(Problem to work on): Each record should be given again exactly, and any picture in it left out.

BEGIN Records supplied

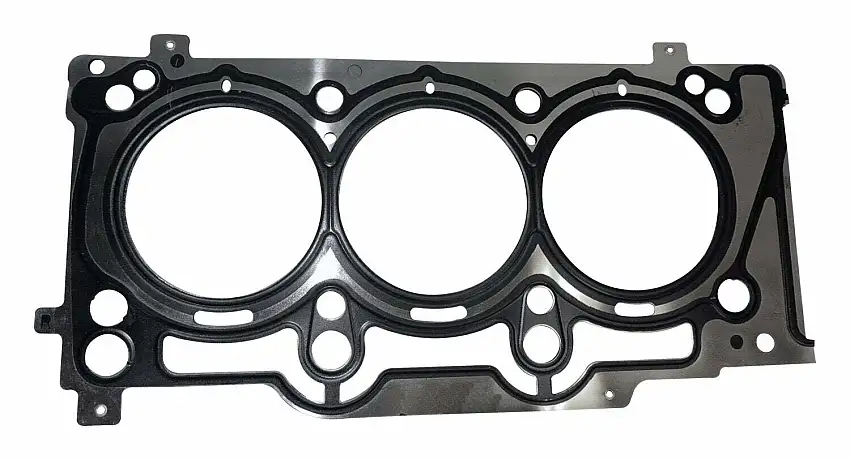 Crown Automotive - Steel Black Cylinder Head Gasket - 5184456AG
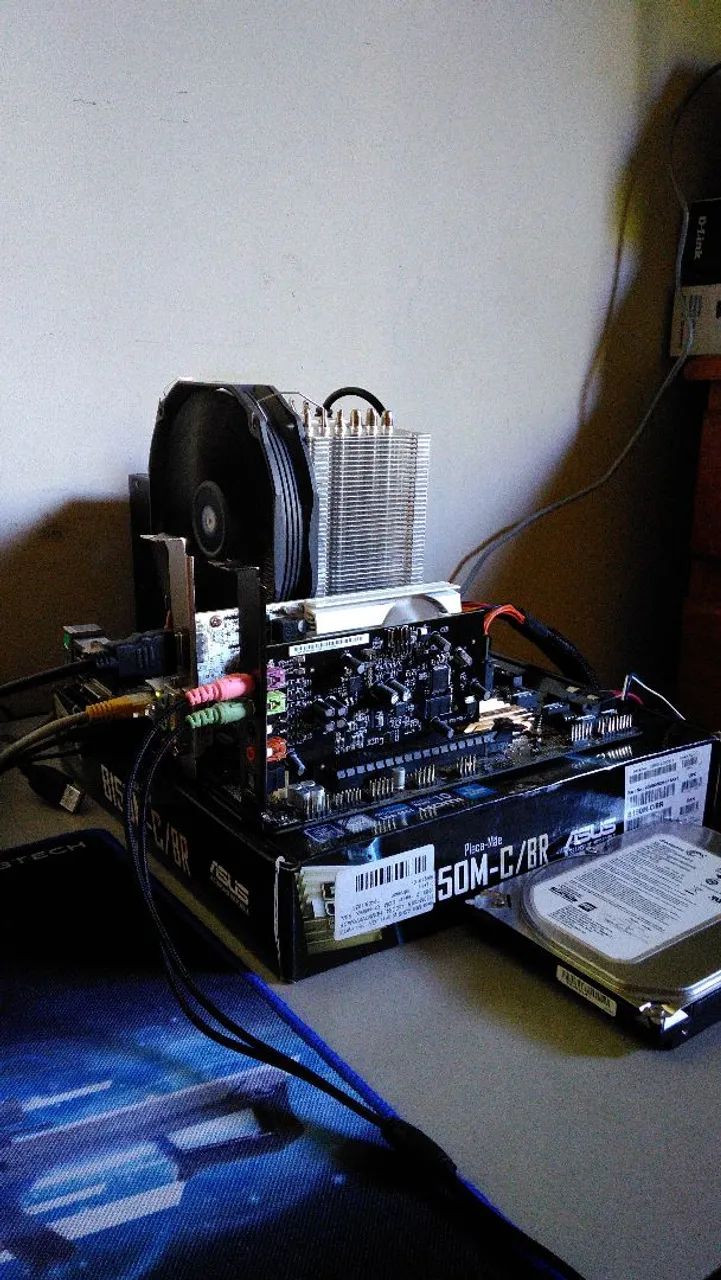 Manutenção de Computadores e Notebooks | PCs Gamers e Alto Desempenho - Foto 3
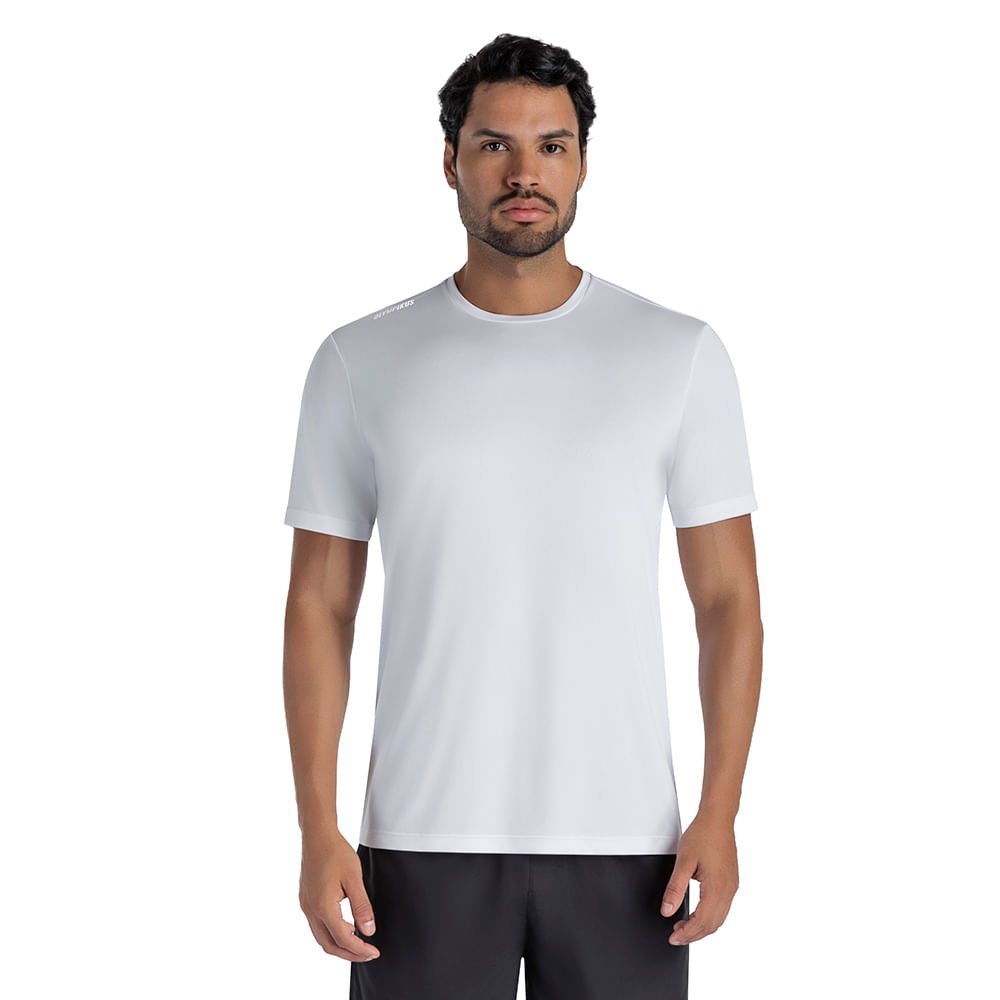 Camiseta Essential 2.0 Olympikus Masculina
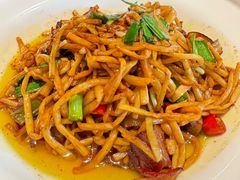 -鸡毛店·川菜(文殊院店)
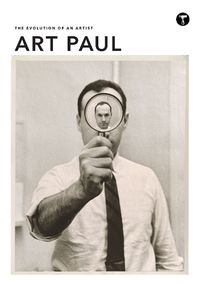 Cover image for Art Paul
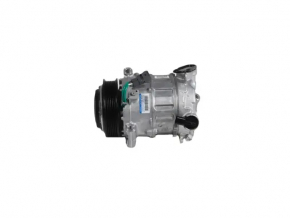Компрессор кондиционера Chrysler 200 15-17 3.6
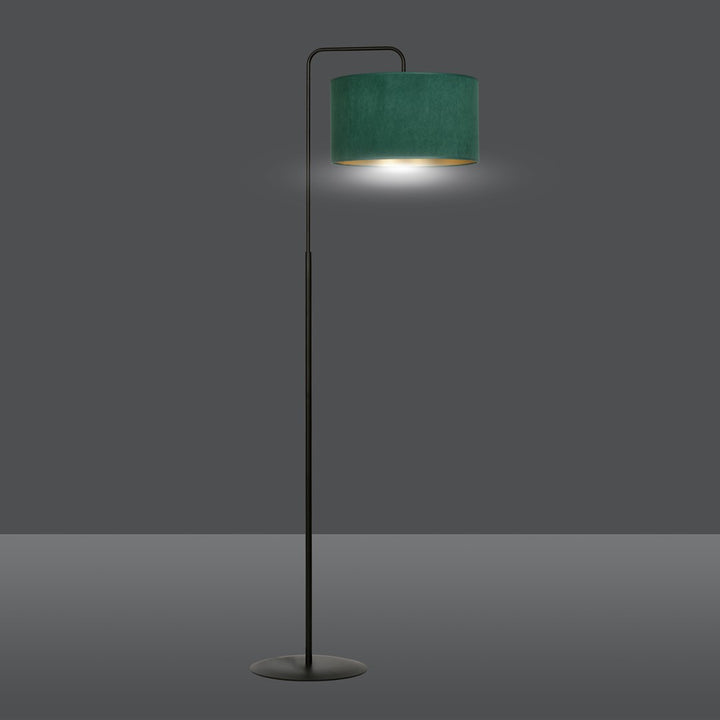Lampa de podea HILDE LP1 BL GREEN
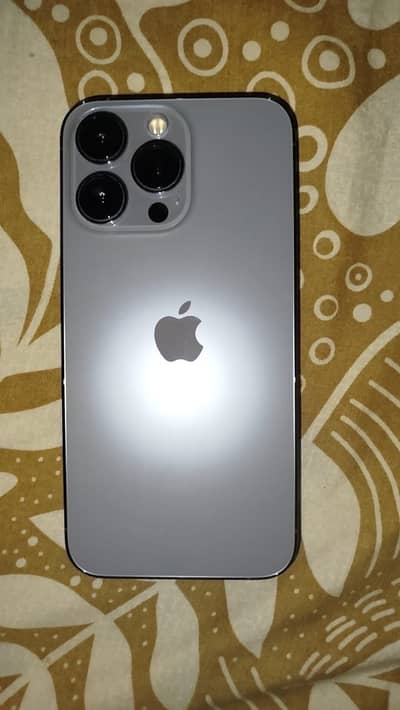 Apple iPhone 13 Pro
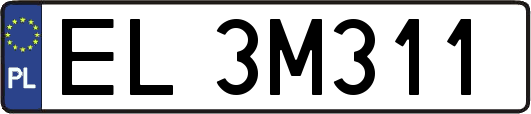 EL3M311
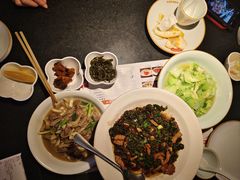 -湘阁里辣(南联锦泰城店)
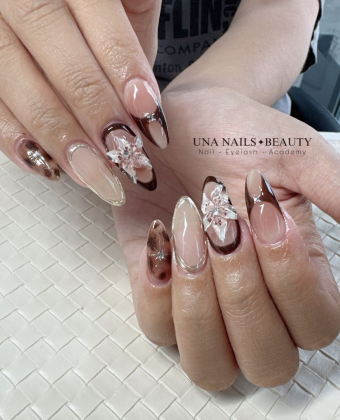 Una Nail Room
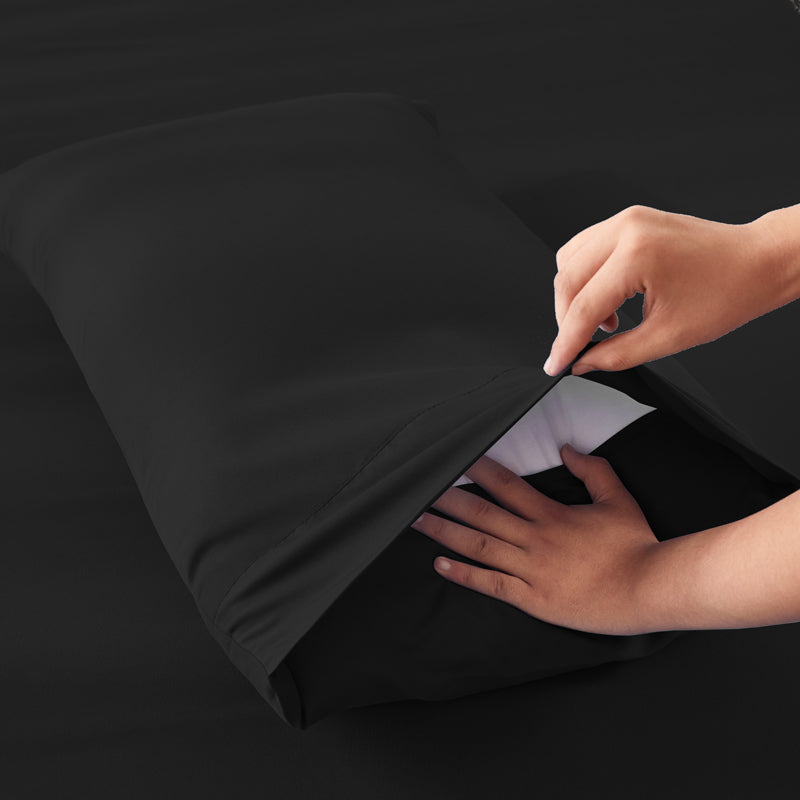 4-Piece Essential Sheet Set Ultra Soft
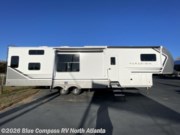 New 2025 Alliance RV Paradigm 395DS available in Buford, Georgia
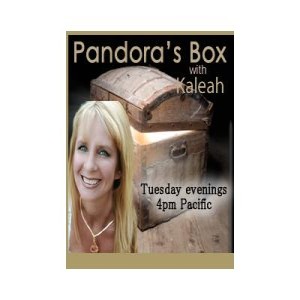 Pandora's Box with Kaleah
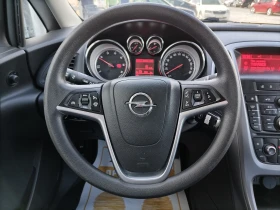 Opel Astra 1.6CDTI/110 к.с - [10] 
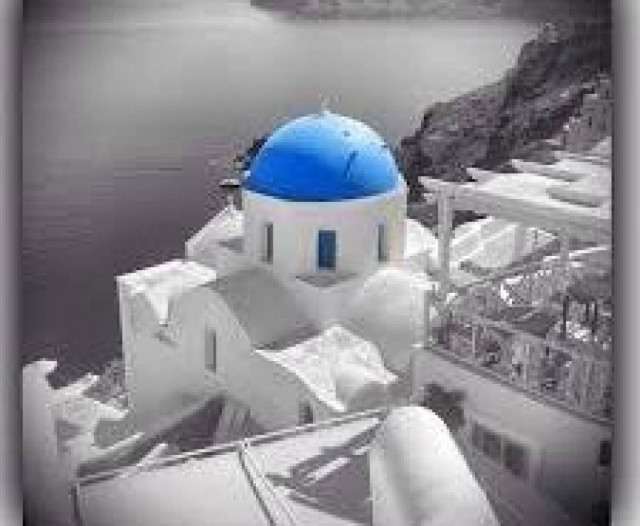 Instagreece: Η αισιόδοξη πλευρά της Ελλάδας!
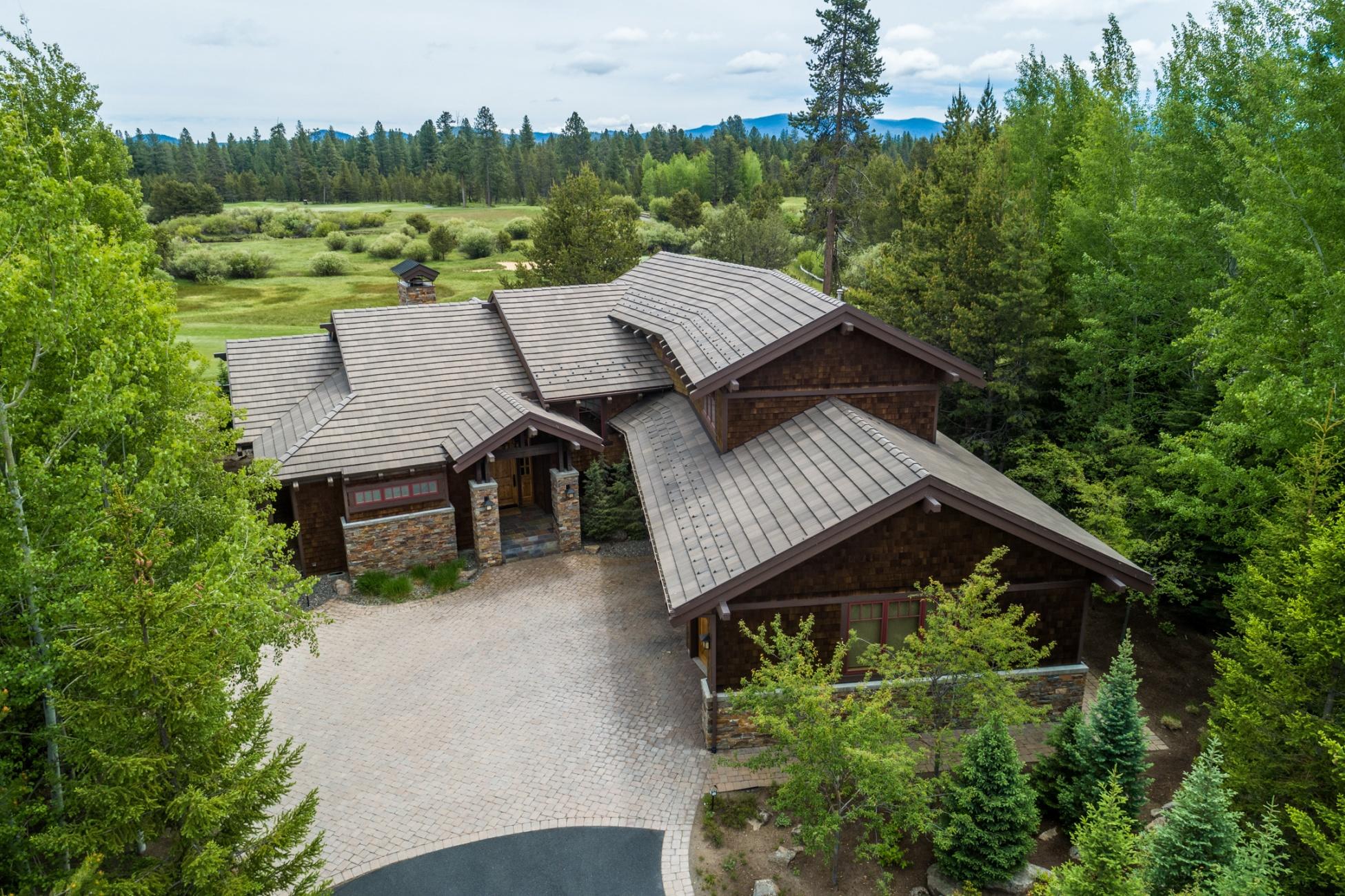 Crosswater - Residential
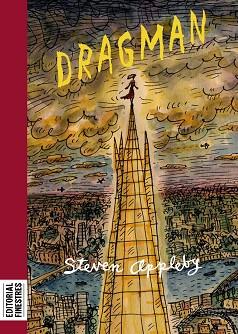 DRAGMAN(CATALÀ) | 9788412426168 | APPLEBY, STEVEN | Llibreria Geli - Llibreria Online de Girona - Comprar llibres en català i castellà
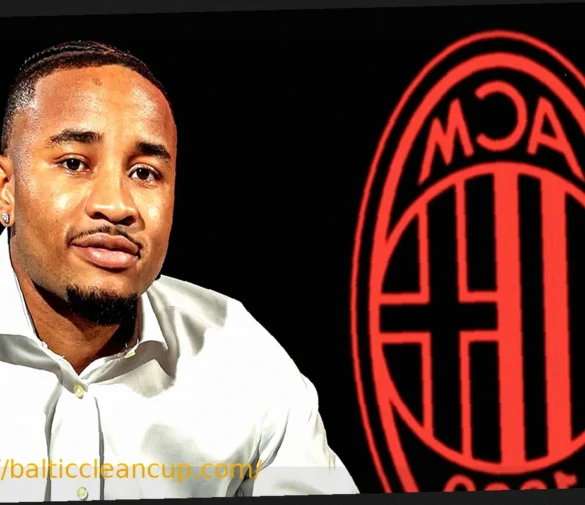 Napoli in Talks with Ex-Chelsea Manager Enzo Maresca in London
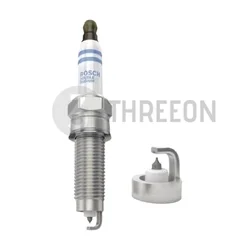 BOSCH 1/4/6pcs YR6TII330T Iridium Spark Plug for Audi Q7 Porsche Cayenne VW Touareg 101905622 95517022090 03H905600A 101905622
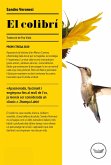 El colibrí (eBook, ePUB)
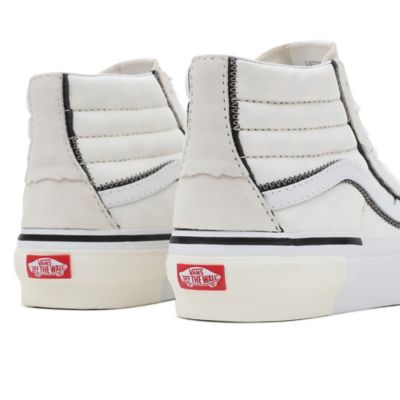 New vans outlet sk8 hi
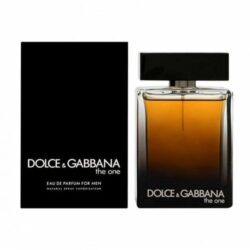 DOLCE & GABBANA THE ONE EAU DE PARFUM FOR MEN 100ML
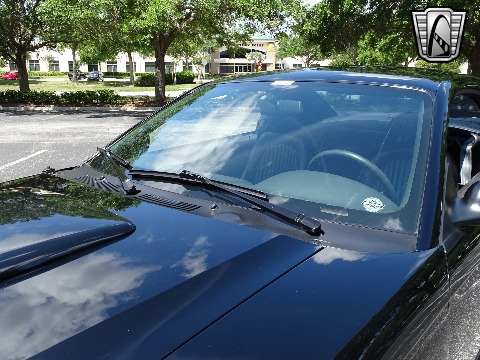 2001 Ford Mustang image 90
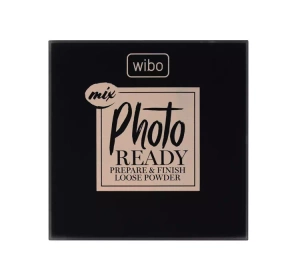 WIBO PHOTO READY MIX ПУДРА ДЛЯ ОБЛИЧЧЯ 14Г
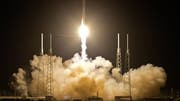The first commercial spacecraft ever launched toward the International Space Station is playing a game of catch-up today (May ) as it heads toward an unprecedented rendezvous with the orbiting lab.Dragon, built by commercial rocket firm Space Exploration Technologies Corp.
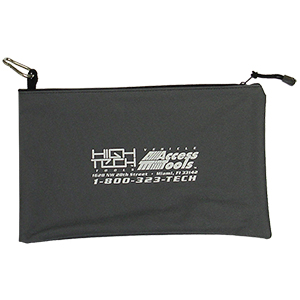 Heavy Duty Grey Carrying Case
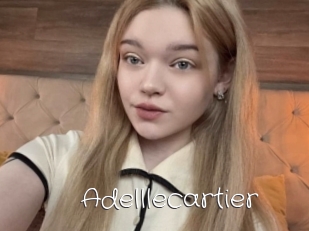 Adelllecartier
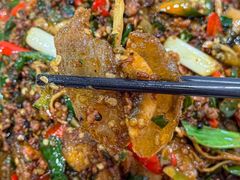 -辣螃铠盆盆蟹大排档(总店)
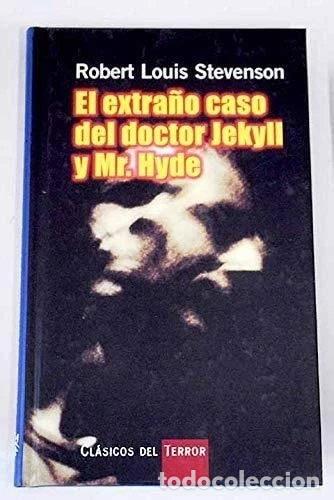 Libri di seconda mano: El extra&ntilde;o caso del doctor Jekyll y Mr. Hyde- 9788447322282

END Records supplied

(Exercise response):
 Crown Automotive - Steel Black Cylinder Head Gasket - 5184456AG
 Manutenção de Computadores e Notebooks | PCs Gamers e Alto Desempenho - Foto 3
 Camiseta Essential 2.0 Olympikus Masculina
 -鸡毛店·川菜(文殊院店)
 Cover image for Art Paul
Компрессор кондиционера Chrysler 200 15-17 3.6
Lampa de podea HILDE LP1 BL GREEN
 Apple iPhone 13 Pro
 EL3M311
 -湘阁里辣(南联锦泰城店)
 Una Nail Room
 4-Piece Essential Sheet Set Ultra Soft
 New 2025 Alliance RV Paradigm 395DS available in Buford, Georgia
 Pandora's Box with Kaleah
 Opel Astra 1.6CDTI/110 к.с - [10] 
 Instagreece: Η αισιόδοξη πλευρά της Ελλάδας!
 Crosswater - Residential
 DRAGMAN(CATALÀ) | 9788412426168 | APPLEBY, STEVEN | Llibreria Geli - Llibreria Online de Girona - Comprar llibres en català i castellà
 Napoli in Talks with Ex-Chelsea Manager Enzo Maresca in London
 BOSCH 1/4/6pcs YR6TII330T Iridium Spark Plug for Audi Q7 Porsche Cayenne VW Touareg 101905622 95517022090 03H905600A 101905622
 El colibrí (eBook, ePUB)
 New vans outlet sk8 hi
 DOLCE & GABBANA THE ONE EAU DE PARFUM FOR MEN 100ML
 2001 Ford Mustang image 90
 WIBO PHOTO READY MIX ПУДРА ДЛЯ ОБЛИЧЧЯ 14Г
The first commercial spacecraft ever launched toward the International Space Station is playing a game of catch-up today (May ) as it heads toward an unprecedented rendezvous with the orbiting lab.Dragon, built by commercial rocket firm Space Exploration Technologies Corp.
 Heavy Duty Grey Carrying Case
 Adelllecartier
 -辣螃铠盆盆蟹大排档(总店)
 Libri di seconda mano: El extra&ntilde;o caso del doctor Jekyll y Mr. Hyde- 9788447322282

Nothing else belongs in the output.